YOUR OBJECTIVE ▸ In the listing below, find the line with "BLNK - Kelista" and the line with "Buri - 3er-Set", then return them and every line between them exactly, minus the pictures.

SOURCE DATA ▸
========================

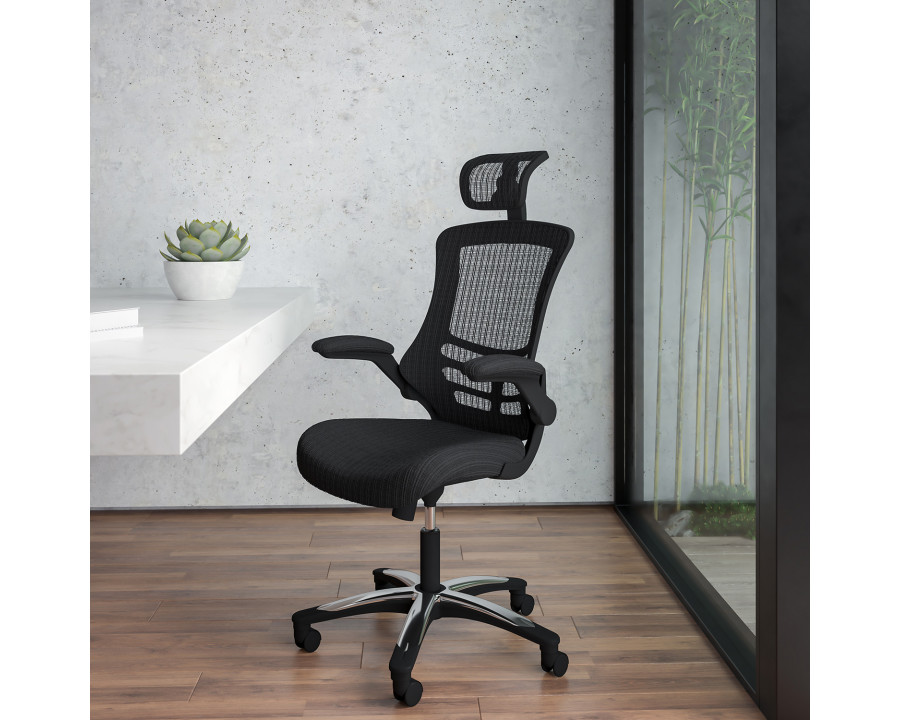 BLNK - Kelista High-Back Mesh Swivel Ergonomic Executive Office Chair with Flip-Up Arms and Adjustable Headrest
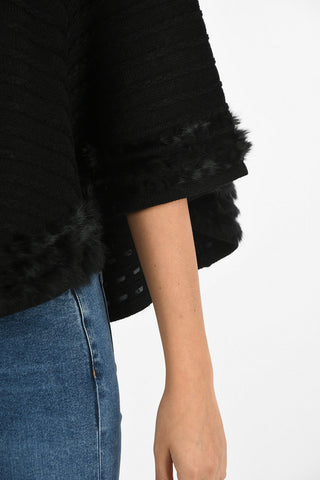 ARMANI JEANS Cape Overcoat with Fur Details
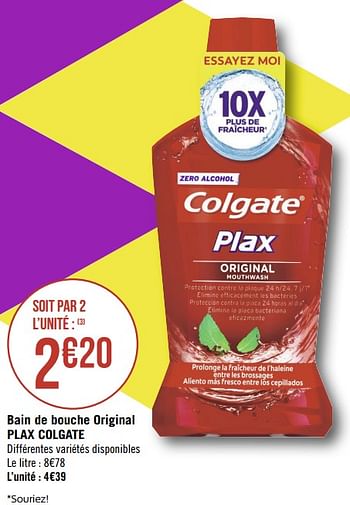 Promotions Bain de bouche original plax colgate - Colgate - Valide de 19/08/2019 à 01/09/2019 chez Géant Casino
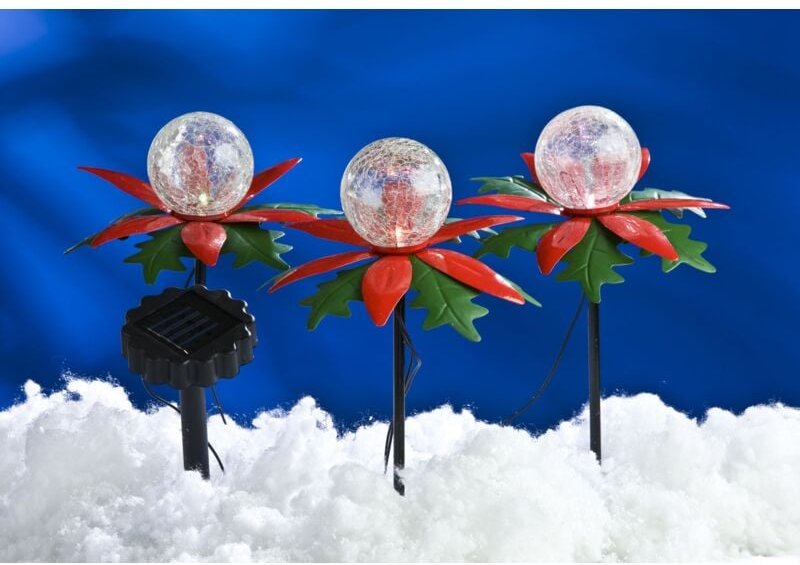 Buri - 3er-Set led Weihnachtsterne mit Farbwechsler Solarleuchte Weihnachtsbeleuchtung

========================

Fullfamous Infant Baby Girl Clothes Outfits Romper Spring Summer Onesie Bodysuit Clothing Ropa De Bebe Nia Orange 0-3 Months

========================

OUTPUT FOR THIS TASK ▸
 BLNK - Kelista High-Back Mesh Swivel Ergonomic Executive Office Chair with Flip-Up Arms and Adjustable Headrest
 ARMANI JEANS Cape Overcoat with Fur Details
 Promotions Bain de bouche original plax colgate - Colgate - Valide de 19/08/2019 à 01/09/2019 chez Géant Casino
 Buri - 3er-Set led Weihnachtsterne mit Farbwechsler Solarleuchte Weihnachtsbeleuchtung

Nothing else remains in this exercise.